This section is intended to introduce the reader to various aspects of art, which may be related to various aspects of the present invention that are described and/or claimed below. This discussion is believed to be helpful in providing the reader with background information to facilitate a better understanding of the various aspects of the present invention. Accordingly, it should be understood that these statements are to be read in this light, and not as admissions of prior art.
HTTP adaptive technologies are pushed by various stakeholders to allow provision of over the top audiovisual delivery in the Internet. Such technologies allow a client device to receive video in the form of small successive segments (a few seconds long), so called chunk. Each segment is requested through the HTTP protocol and may exist in different variants (so called representations), allowing the client device to choose at any time an appropriate bit rate matching the network and device constraints.
Among the HTTP adaptive streaming (HAS) protocols which are already used, the most famous are the HTTP Live Streaming (HLS) from Apple, the Silverlight Smooth Streaming (SSS) from Microsoft, the HTTP Dynamic Streaming (HDS) from Adobe and the Dynamic Adaptive Streaming over HTTP (DASH) initiated by 3GPP within the SA4 group and developed by MPEG. These HTTP adaptive streaming existing techniques vary in the manifest file format, said manifest providing meta-data to describe the content options (bit rate, image dimensions, frame rate . . . ), the organization of the available representations of the content in segments, in the codecs supported, and in the content protection technologies.
In particular, when a client device wants to play an audio/video content, it first has to get such a manifest describing how this specific content can be obtained. This is done through HTTP by getting some ‘file’ from an URL. This manifest file lists the available representations of the content (in terms of bit rate and other properties) and, for each representation, the URLs that allow loading the content chunks for each time slice. For Video on Demand (VoD), the entire description of the A/V content is provided, while for live content (e.g. TV content), the description covers only a short period of time and needs to be reloaded periodically to discover the new items when time passes.
Depending on its capabilities and the knowledge it has from the networking environment, the client device selects one representation (e.g. based on its bit rate) and loads the first chunk(s) of content. It buffers a few chunks to be able to cope with network impediments. Then, the A/V content is played from each received chunks one after the other. At the same time, the client device measures the reception rate and may decide to select a higher or a lower bit rate. In such case, it just requests the next chunk(s) from another representation. Every HTTP streaming technique is such that it is possible for the client device to ensure a continuous playout while switching from a chunk with a given bit rate to the next chunk with another bit rate. This way when the competing traffic on the network introduces variations on the rate at which the A/V content is received, the client device is able to react and adapt by selecting chunks with a bit rate that allows maintaining the buffer filling to a secure level.
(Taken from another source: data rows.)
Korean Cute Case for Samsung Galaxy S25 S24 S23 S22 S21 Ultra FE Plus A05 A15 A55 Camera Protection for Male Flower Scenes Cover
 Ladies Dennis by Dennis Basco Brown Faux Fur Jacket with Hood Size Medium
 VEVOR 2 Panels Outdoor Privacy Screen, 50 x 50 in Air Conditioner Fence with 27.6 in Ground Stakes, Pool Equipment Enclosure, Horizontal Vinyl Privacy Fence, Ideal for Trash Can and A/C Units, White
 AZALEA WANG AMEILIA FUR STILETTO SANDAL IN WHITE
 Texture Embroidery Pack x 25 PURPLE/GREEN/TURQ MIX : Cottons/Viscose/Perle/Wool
Indeed, the client device tries to reach the highest possible bit rate to provide a good viewing quality to end user, while staying at a level where the rendering will not suffer from late reception of data.
While these HAS techniques have proven to work reasonably well when compared to pre-existing technologies, recent works point out that under some specific challenging circumstances (i.e. competition with another HAS client or with another TCP flow on a bottleneck), HAS implementations can suffer from severe instability issues.
In particular, it has been observed that having two HAS clients competing for bandwidth leads to unpredictable results, ultimately jeopardizing the user experience. In addition, HAS devices show incapacity to reclaim their fair share of bandwidth when competing with a greedy TCP flow (e.g. bulk traffic) because of their periodic download profile resulting in OFF periods where the bandwidth is not evaluated and then potentially underestimated. And during these OFF periods in particular, the other TCP flow can take the opportunity to grab the bandwidth.
The present invention attempts to remedy at least—but not exclusively—to the instability and bandwidth sharing issues which are characteristic of all adaptive streaming implementations in presence of other streams.